Free will?What was that—choosing the method of harvest, or the posture of imprisonment?
He had tried.
He endured the training. Exploited loopholes. Fought back in desperation. Even defeated that broken golem. He tried to protect Anna. To understand the truth. To survive—using everything this wretched body and chaotic mind could muster.
Why had it ended like this?
Rage, refusal, grievance, despair without bottom—everything boiled inside his chest like magma.
If gods truly existed… was this all deserved?
The thought cut through him with self-destructive sharpness. Had he erred by refusing to become fuel? By not kneeling before Quinn? Or simply because his existence itself was a flaw?
"DAMN IT ALL!!!"
He roared, expending every shred of remaining strength. Not a cry for validation—but a howl that poured out all the insoluble rage and absurdity.
"I just… wanted to keep existing!!!"
The sound echoed, ragged with sobs and blood.
"That 'me' was all I wanted!!!"That whole self—the one who could run, jump, hurt, rage, question, yearn. Not this thing bound to a wheelchair, facing a wall, one sleeve empty, one cheek stained with tears.

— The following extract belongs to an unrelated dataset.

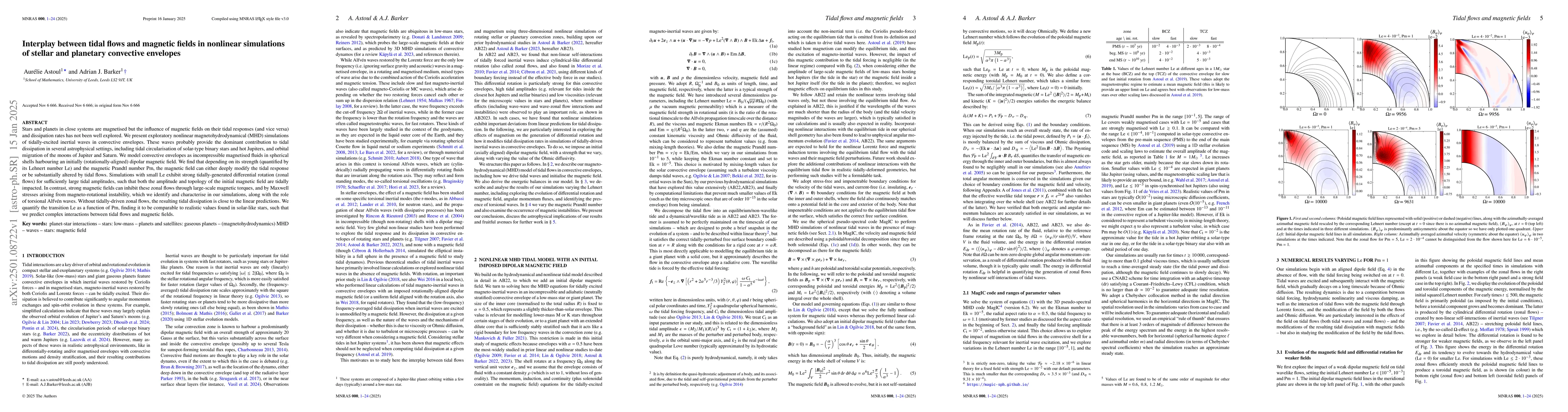 Thumbnail for Interplay between tidal flows and magnetic fields in nonlinear
  simulations of stellar and planetary convective envelopes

His voice peaked—and broke.
Behind him, the sobbing crested in response. Then, as another steady hum rose—final, conclusive—it faded away. As though that shared pain had been soothed, dispersed, or removed by some unseen system.
Wheelchairs rolled away. Footsteps retreated.
The space emptied.
At last, only Erika remained.
Alone in the wheelchair. Facing the wall, once again calm and white. Tear tracks cooling on his face. The breeze gone.
Only the cold restraint, and the heart still hammering inside a broken body.
A reward?
Had he received it?
Perhaps the breeze. The scent of the outside. The shared sobbing. His own collapse.
That was all.
A meticulously designed, cruel consolation—meant to force him to understand the cost.
And now, even that was gone.
Only him.
And the pale silence that had swallowed everything.